The South Tapti field covers an approximately area of 570 square miles and lies approximately 100 miles north-northwest of Mumbai City, India. In this paper, well log analysis is performed on the logs obtained from wells comprising the clastic sediments of late Oligocene Daman formation in South Tapti Field (Wandrey 2004; Saha et al. 2009). The quality of reservoir in terms of parameters like shale volume, effective porosity, water and hydrocarbon saturation, and permeability are evaluated, and the results are discussed.

2 Methodology

The well log data from the South Tapti Field is made available for research and development by BG, India. An essential step in formation evaluation process is the determination of amount of shale present in the formation (Opuwari 2010; Adaeze et al. 2012). This helps to calculate the correct formation porosity and fluid content within the pay zone. Volume of shale is calculated following the integrated approach by utilizing the gamma ray log, SP log, neutron–density log, and resistivity log data (Adeoti et al. 2009). Porosity is also calculated from density log. From the qualitative observation of log plots, the crossover in neutron–density log, low intensity value of natural gamma ray log, separation in shallow and deep resistivity log values, suppression in SP log and higher value in sonic log suggested the presence of hydrocarbons between 1866 and 1874 m depth in the study area.

The analysis is performed in the depth range of 1830–1930 m as the reservoir zone is expected within this interval. Water saturation is calculated using Archie’s equation. The other important petrophysical parameters, i.e., permeability, are calculated using the Timur equation in which irreducible water saturation is calculated from the bulk volume water (BVW). The bulk volume water is calculated at several depths within the reservoir zones. A constant or near constant values indicate a single rock-type bearing zone at irreducible water saturation. When a zone is at irreducible water saturation, water in the uninvaded zone (Sw) does not move as it is held on grains by capillary pressure.

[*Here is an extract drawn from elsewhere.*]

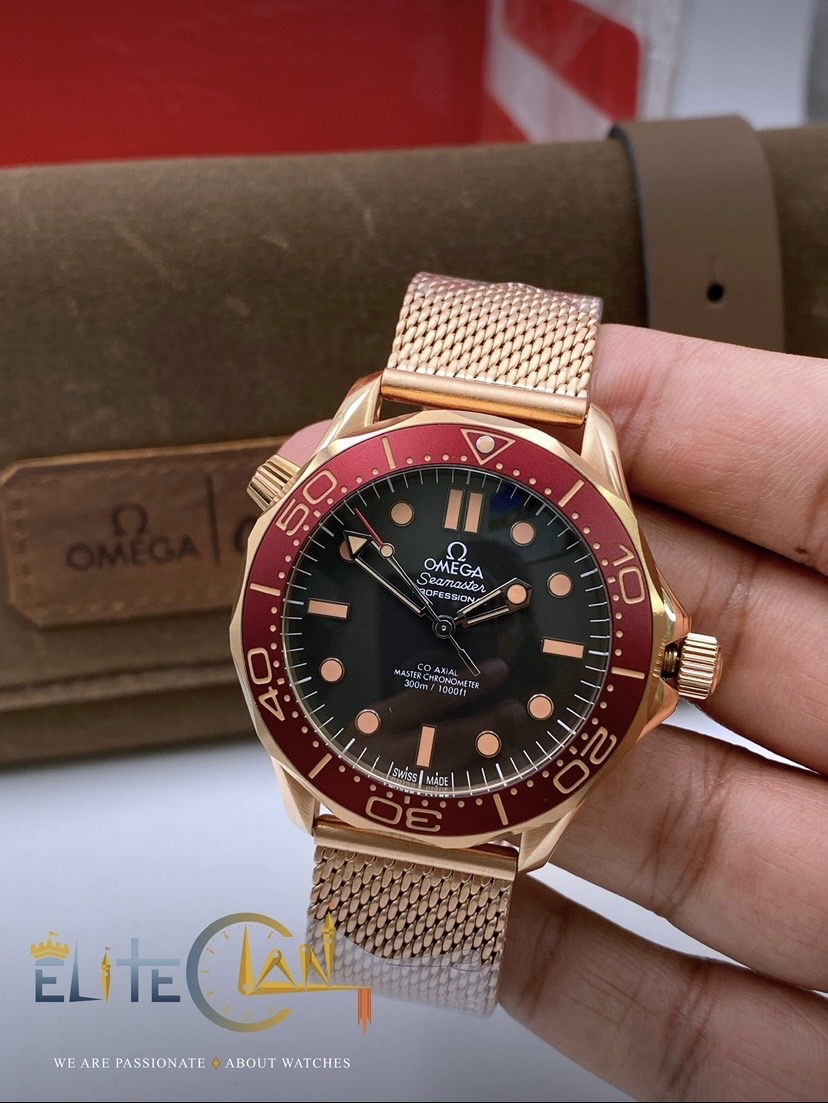 Omega 007 (Rose Gold) Seamaster Automatic – AAA Grade_img_1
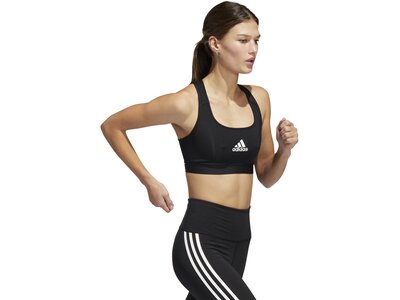ADIDAS Damen BH Powerreact Training Medium-Support Cup D-DD Schwarz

3 Petrophysical Evaluation

The log data from South Tapti Formation is evaluated, and the derived petrophysical parameters along with other logs are shown in Fig. 1. The figure shows the natural gamma ray (GR), resistivity (Rt/Rxo), porosity (PhiD/Nphi), shale volume (VshND/VshGR), and effective porosity (PhiE) log calculated from the well log data. The analyses of log data show interesting features between depth interval 1866–1874 m. The natural gamma ray values are very low, the flushed zone and the invaded zone resistivity is very high, and there is marked crossover when the density and the neutron porosity logs are plotted together. Within the same interval, the shale volume calculated from gamma ray log and neutron log shows a low value, while the estimated effective porosity is very high. This analysis suggests that this could be a prospective hydrocarbon-bearing zone which needs further detailed analysis for its characterization.

Fig. 1
figure 1

Gamma ray, resistivity log, porosity log, shale volume, and effective porosity log calculated from well log data

Cross-plots are charts based on the slope and intercept of two porosity log responses (depending on matrix lithology, and pore fluid). The cross-plots of bulk density against P-impedance and lambda-rho against Poisson’s ratio are generated for the depth interval 1830–1930 m (Fig. 2a). The cross-plot in Fig. 2a shows concentration of low bulk density and P-impedance values indicating prospective reservoir zone between 1866 and 1874 m. This low value indicates the presence of hydrocarbon in this zone. The cross-plot between Lambda-rho and Poisson’s ratio shows a similar concentration of low values within the zone between 1866 and 1874 m (Fig. 2b). The cross-plots in Fig. 2a, b suggest that this zone is possibly hydrocarbon bearing and reiterates the qualitative analysis of gamma ray, neutron and density porosity, and resistivity logs.

Fig. 2
figure 2

Cross-plot between a the bulk density and the P-impedance and Poisson’s ratio and b the Lambda-rho cross-plot. The color bar indicates depth

4 Lithology Identification

An interpretation of lithology is performed through a systematic approach. The gross lithology is collaborated and compared at the same depth, horizontally, to the gamma ray log. Cross-plots are prepared for classification of sandstone, limestone, and dolomite lithologies. When data points from lithology are plotted, they fall on the charts lithology lines.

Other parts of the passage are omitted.